# Lily pipe kit question !!!



## Alexpatrascu (Jun 13, 2010)

Hey guys.

I was thinking of changing my green intake and output spray bar from my eheim 2215 and going with the lily pipe kit.

What kind of lily pipe I would need for a 30-40 gal tank ?!?

I saw a few dimensions(9mm, 10mm, 13mm, 15mm) and I don't know which one is the best for that kind of tank !!!

Any info on this and where I could get a cheaper kit ?!?

I'd be interested in getting the acrylic one instead of the glass one as it's safer.

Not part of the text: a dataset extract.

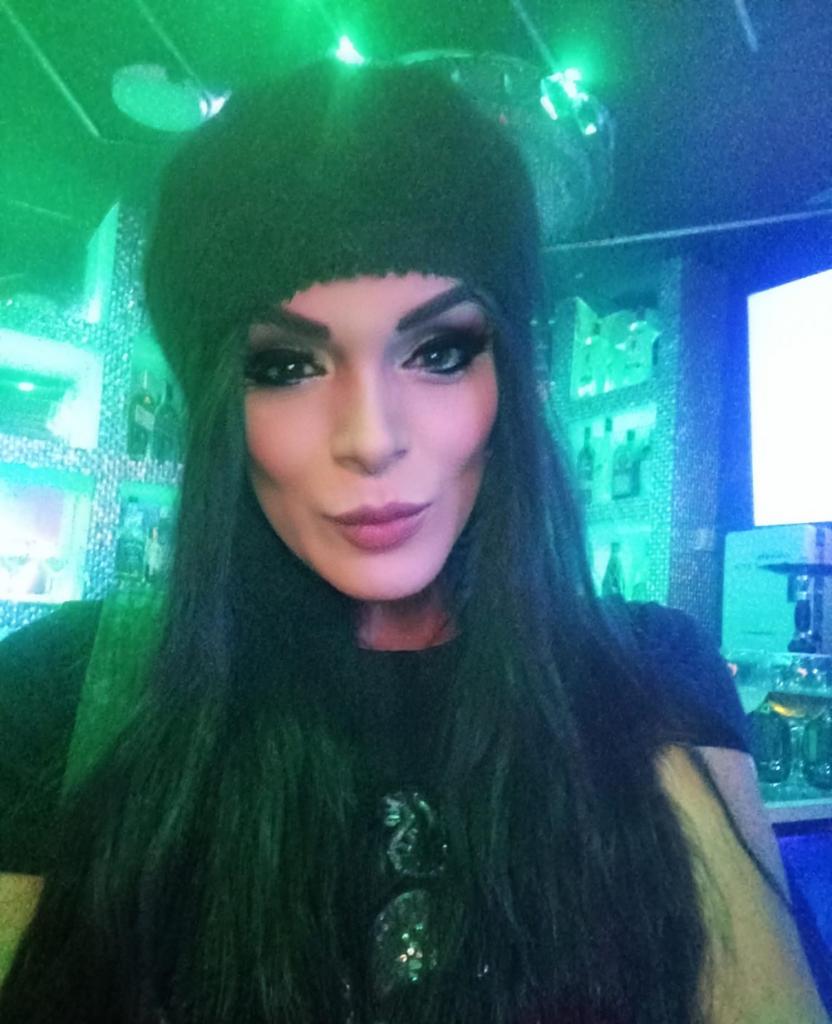 604369761: Travesti en Madrid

I can only find glass ones on eBay so I really don't know where I could get a acrylic one for cheap.

Thanks.


----------



## Darkblade48 (Jan 28, 2008)

The dimensions that are suitable are the ones that will fit your Eheim 2215. I believe the correct size is 13 mm.


----------



## matti2uude (Jan 10, 2009)

Yes the Eheim 2215 uses the 13mm size. 


Sent from my iPhone using Tapatalk


----------



## TLe041 (Feb 9, 2010)

Here are two of the choices you can go with:


Aquaticmagic: http://www.aqmagic.com/lily-pipe/magic-lily-pipe-13mm-p-85.html
Do!aqua (ADA) set I'm selling: http://www.plantedtank.net/forums/swap-n-shop/134171-new-do-aqua-lily-pipes-set.html


----------



## Alexpatrascu (Jun 13, 2010)

Thanks for the input guys.

@ TLe041, that's kinda expensive for me right now, but thanks.


----------